As money laundering rules become more onerous we look at what the finance director has to consider and how a strategy to handle them should be developed. Abe Abrahami gives his advice.

It has long been a necessity for the criminal, making their ill-gotten gains appear legitimate to their family friends and government. But today with the illegal drugs' business rivalling the size of the pharmaceutical industry and terrorists acting like multi-national executives, money-laundering has become an even more sophisticated business.

New laws and renewed vigour by global intelligence and police agencies to stamp it out, have put more pressure on companies and their directors to be pro-active in fighting it. And like anything that revolves around money, the process of monitoring it and being prepared to defend against it, falls to the beleaguered finance director.

In the simplest terms money-laundering is a criminal attempt to conceal the true origin and ownership of proceeds from theft, fraud, drug trafficking, insider-trading or terrorism. On the other side of the coin it is also the attempt to use legally derived funds for illegal purposes, such as financing arms trade, although this is less common.

The process of laundering money can be broken down into a three-tier process:

As with the counterfeiting of goods it is a common public perception that money laundering is not a problem for the man-on-the-street, however as the internationalisation of terrorism has proved, financing illegal activities can hurt anyone in the most unexpected of circumstances.
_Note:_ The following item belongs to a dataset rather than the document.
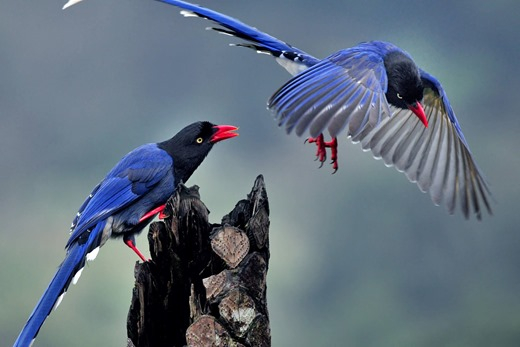 Taiwan Blue Magpie (Urocissa caerulea) 18[2] (520x347, 125Kb)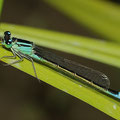 Große Pechlibelle Ischnura elegans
Most directly affected by the process of cleaning dirty cash, however, are those entities most used to help wash the stains of criminality from the money: banks, financial institutions, insurance companies, building societies, accountants, fund managers, auditors, lawyers, gaming companies, stockbrokers or traders. But today even a company can become an unwitting participant.

The major AML regulations

There are numerous national and international AML regulations and depending on the jurisdiction their scope and definitions vary. The ones that UK directors ought to be aware of are:

The Institute of Chartered Accountants offers guidance [1] on any revisions to money laundering. It is also worth noting that other legislation has AML requirements implied within them such as the UK Fraud Act 2006, Know-Your-Customer (KYC), MiFID, Basel II, Solvency II, the Sarbanes-Oxley Act and IFRS rules.

All these rules ultimately mean that chief financial officers and chief executive officers have distinct responsibilities. They must ensure that they do not conduct business with money-launderers and terrorists,or cover up money-laundering activities and sources.They must take precautions to reduce the risk of money laundering by having sufficient controls/procedures in place andc an confidently certify their financial statements as to their accuracy/correctness.
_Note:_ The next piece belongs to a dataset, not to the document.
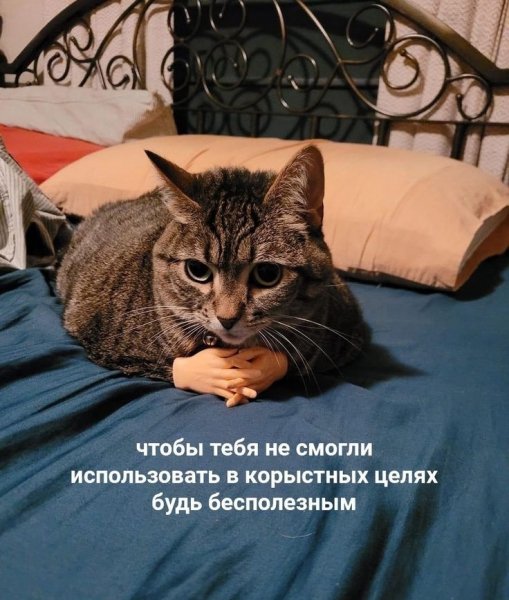 file_103305174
To meet their responsibilities, CFOs and CEOs must ask themselves;

1. What risks are we taking if found guilty of a money laundering offence?
2. If we are at risk of committing a ML offence, what should we do about it?
3. If found guilty of an offence what will be the penalties?
4. What should we do if we suspect someone of money laundering?
5. What are the penalties for an organisation who does not train its staff to prevent and halt money laundering?
6. What are acquisition, arrangements, concealing, possession, tipping-off and use?
7. What is ‘authorised disclosure’ and non-authorised disclosure?
8. What is a ‘protected disclosure’ and non-protected disclosure?
9. What is ‘appropriate consent’ and inappropriate consent?
10. What are KYC, red flags, risk-based approach, type of product, size of financial relationship, geographic location?
11. Under what circumstances could somebody who performs relevant business commit the offence of failure to disclose?
12. What are acceptable identification procedures?
13. What is the role of the National Criminal Intelligence Service in AML?
14. What are the ripple effects of The Serious Organised Crime and Police Act 2005?
15. What’s included in the EU Third Directive on Money Laundering?
16. Does the EU Third Directive introduce simplified/enhanced due diligence?
17. What impact does the EU Third Directive have on UK Legislation?
18. What impact does the FSA Money-Laundering Directive 2007 have?
19. If we do business internationally how do we cover the multitude of national and international AML compliance obligations (e.g. USA or Australia)?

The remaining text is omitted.